On any given day, NASA’s networks may communicate with over 100 space missions. Whether the mission keeps the lines of communication open with orbiting astronauts or peers deep into the cosmos, those dozens of satellites all have one thing in common: each needs an antenna. Without one, NASA missions and their discoveries simply would not be possible.
To ensure those antennas are up to the challenges of spaceflight, for most that means rigorous testing on the ground in a simulated space environment. The Goddard ElectroMagnetic Anechoic Chamber (GEMAC) at NASA’s Goddard Space Flight Center in Greenbelt, Maryland, has been an integral antenna proving ground for more than 50 years.
‘Sound Booth’ for Space Signals
Rows upon rows of cobalt-blue spires in Goddard’s antenna chamber evoke a soundproof room or isolation booth from a recording studio. In some ways the chamber is similar, but instead of dampening sound waves, this facility blocks out radio signals and eliminates radio wave reflections inside the chamber – “anechoic” means no echoes.

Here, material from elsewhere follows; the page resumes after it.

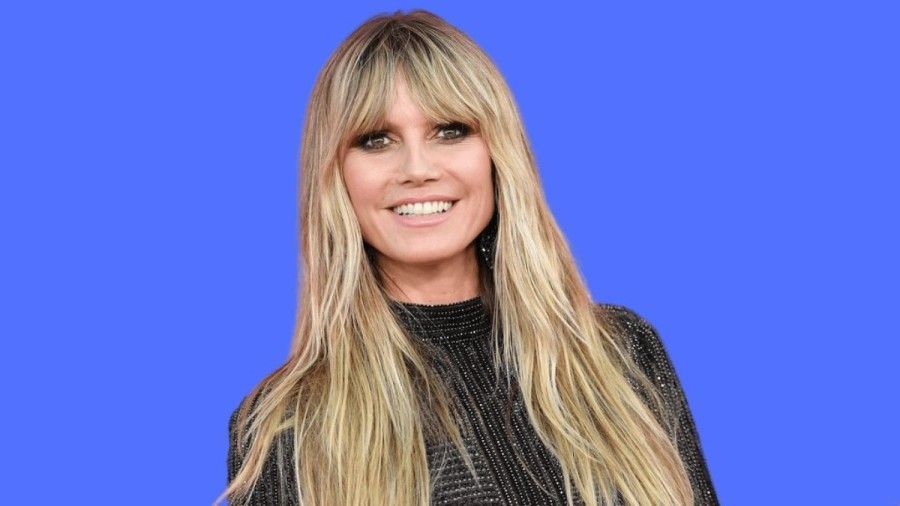 a woman with long blonde hair is smiling in front of a blue background .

Much like laying down tracks on a hit album, errant ambient noise picked up by the microphone can ruin an otherwise perfect take. The same is true with radio waves when engineers want to test a spacecraft antenna. The radio environment on Earth is “noisy”: AM and FM broadcasts, television signals, cell phones, even microwave ovens, all produce radio frequencies – RF. To simulate the relatively tranquil RF environment of space, engineers need a way to isolate antennas from all these other Earth-based radio waves when they run their tests.
That’s the job of those tightly packed columns of spikes lining the floors and walls. These polyurethane foam cones are microwave absorbers. They block outside interference and noise, and within the chamber’s “quiet zone” as engineers call it, they provide a reflection-free environment like the antenna will experience in space.
Antennas Put to the Test
With this radio-proof environment, engineers at Goddard can accurately measure how efficiently antennas broadcast and receive signals. If an antenna’s signal were to go in unexpected or undesired directions during flight, it could mean the loss of mission data, or even the entire spacecraft itself if a critical command were missed.

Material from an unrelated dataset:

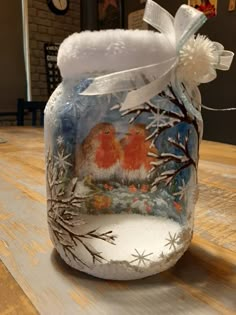 a glass jar decorated with two birds and snowflakes on the inside, sitting on a wooden table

Trying to do antenna design and testing work without a chamber like this “would be like taking a calculator away from an accountant,” said Goddard engineer Ken Hersey.
As NASA’s missions (and their antennas) have increased in sophistication over time, Goddard engineers have upgraded the anechoic chamber to follow suit. Hersey was a lead designer on the most recent major overhaul, which in 1997 expanded the range of antenna frequencies that could be accommodated in tests. The chamber can even help calibrate scientific instruments, like radars and microwave radiation sensors.

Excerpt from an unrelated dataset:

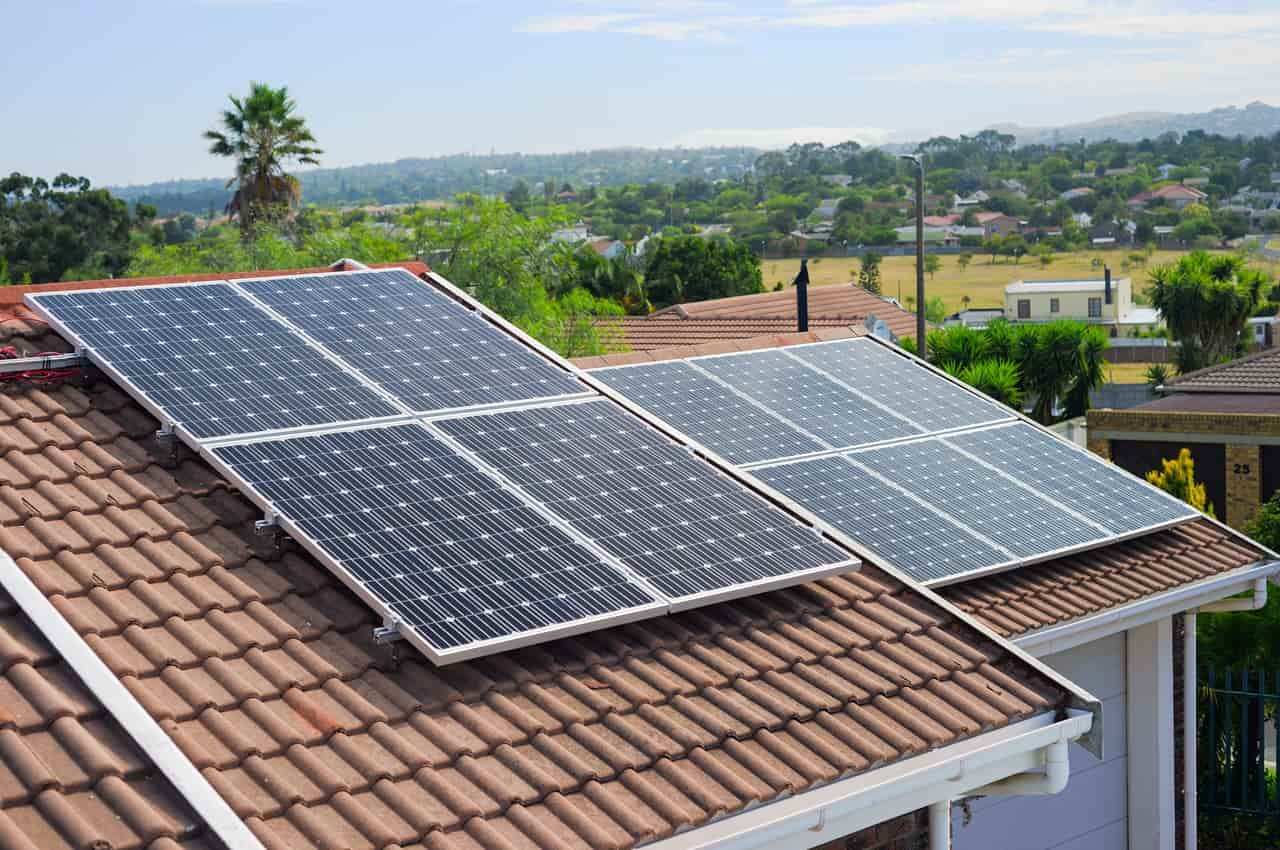 Telhado de uma residência de cor branca com placas solares instaladas. Ao fundo, tem um bairro com várias árvores e outras residências.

Most recently, the anechoic chamber certified both the Roman Space Telescope high-gain antenna and the Earth coverage antenna for PACE – the Plankton, Aerosol, Cloud, ocean Ecosystem mission. Launching by May 2027, Roman will have a field of view at least 100 times greater than Hubble’s and help settle essential questions about dark matter and dark energy. PACE launches in January 2024 on a mission to study Earth’s air quality, ocean health, and climate change.
Once these missions take flight, their groundbreaking observations will become the latest in an ongoing legacy of discoveries made possible with help from a battery of polyurethane cones and Goddard’s anechoic antenna chamber.
By Lauren Saloio
NASA’s Goddard Space Flight Center, Greenbelt, Md.